Der weltweit agierende Medienzar Rupert Murdoch und der deutsche Medienfürsten Leo Kirch, der in dieser Woche im Alter von 84 Jahren verstorben ist, waren sich sehr ähnlich. Besonders gerne suchten sie die Nähe zur Politik.

Von Brigitte Baetz | 16.07.2011
    Vermutlich wird man eines Tages seinen Kindern den Begriff erst erklären müssen: Medienmogul. Das war ein Mann, liebe Kinder, wird man dann ausführen, der hatte so viel Energie, dass er sich ein riesiges Reich aus Zeitungen oder Fernsehsendern zusammenkaufte, gerne auch aus Zeitungen und Fernsehsendern zusammen. Und dann bekamen alle Angst: zunächst nur die Journalisten, die für den Medienmogul arbeiten mussten, dann die Kulturkritiker, die den Untergang des Abendlandes oder zumindest den der Meinungsvielfalt fürchteten und dann die Politiker – aber die erst ganz spät und manchmal erst dann, wenn sich herausstellte, dass der Medienmogul auch zu ihnen nicht ganz so nett war, wie sie jahrelang gedacht hatten oder dass er ihnen nicht mehr nützlich sein würde.

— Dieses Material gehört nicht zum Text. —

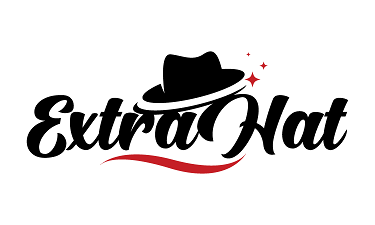 ExtraHat.com - Creative brandable domain for sale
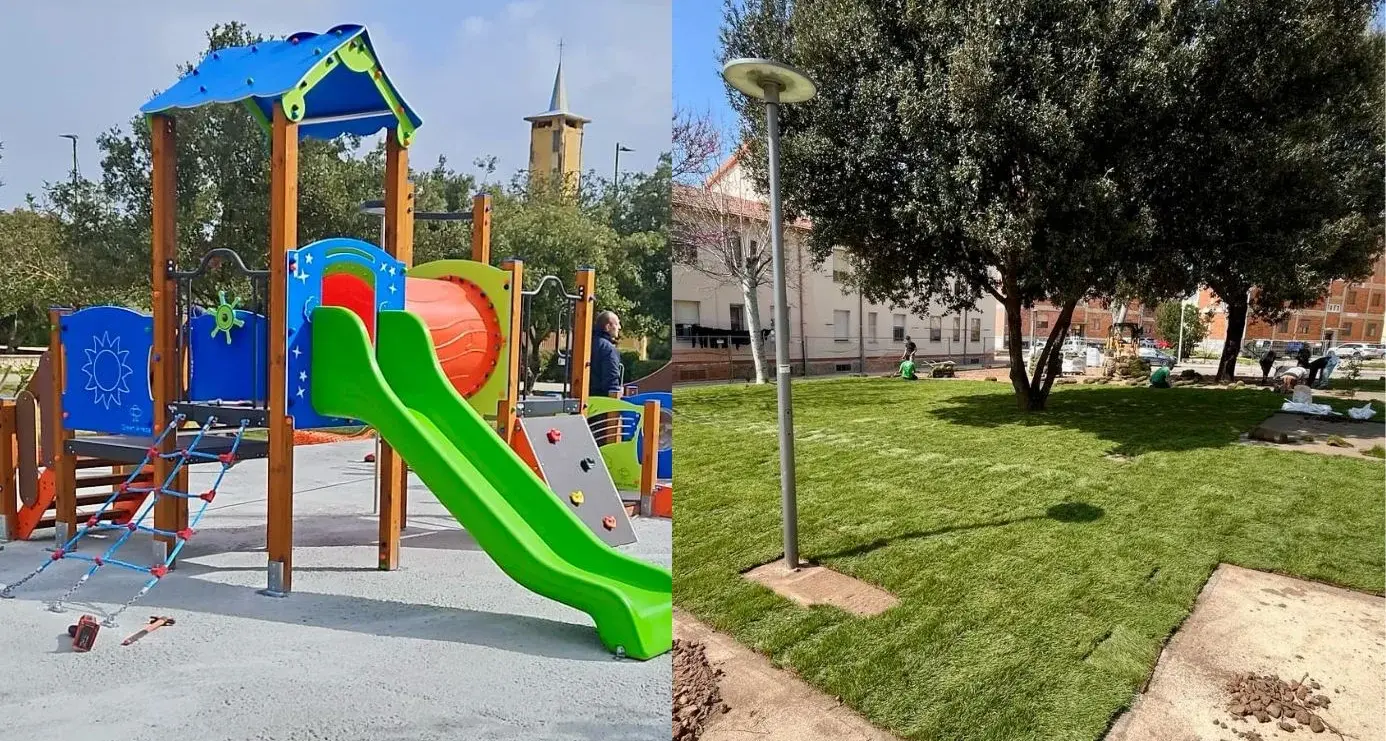 Alghero punta sui parchi: nuovi spazi pubblici, tra cui un'area giochi, in arrivo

    In diesem Sinne war Leo Kirch neben Rupert Murdoch der Letzte seiner Art. Sowohl der Franke Kirch als auch der Australier Murdoch haben es mit unglaublichem Arbeitseinsatz, viel Wagemut, dem Glück des Tüchtigen und guten Freunden in der Politik geschafft, sich überragende Positionen zu erarbeiten. Leo Kirch, der große Spieler, der sich als "Unternehmer mit Sportsgeist" bezeichnete, pokerte dabei zu hoch und verlor sein Imperium, das unter einer Schuldenlast zusammenbrach. Rupert Murdoch, der gerissene Machtmensch, ist gerade dabei, über die skrupellosen Methoden seiner Journalisten zu stolpern und möglicherweise einen Teil seines Imperiums verlieren zu können. Beide mussten, beziehungsweise müssen jetzt merken, dass alle politische Hilfestellung spätestens dann nicht mehr hilft, wenn entweder die finanziellen Bilanzen nicht mehr stimmen - oder die moralischen. Wenn die Pleite vor der Tür steht oder Angehörige von Verbrechensopfern, deren Telefone gehackt wurden, im Fernsehen Anklage erheben, endet die Protektion, bei der man nie genau weiß, wer ist der Protegé und wer der Protegierende. Was bleibt, ist dann höchstens eine Freundschaft, wobei die freundschaftlichen Bande des bekennenden Katholiken Kirch zu Helmut Kohl wohl echt waren, die von Rupert Murdoch zu Tony Blair und anderen Einflussreichen dieser Welt wohl eher kaufmännischen Interessen geschuldet sind.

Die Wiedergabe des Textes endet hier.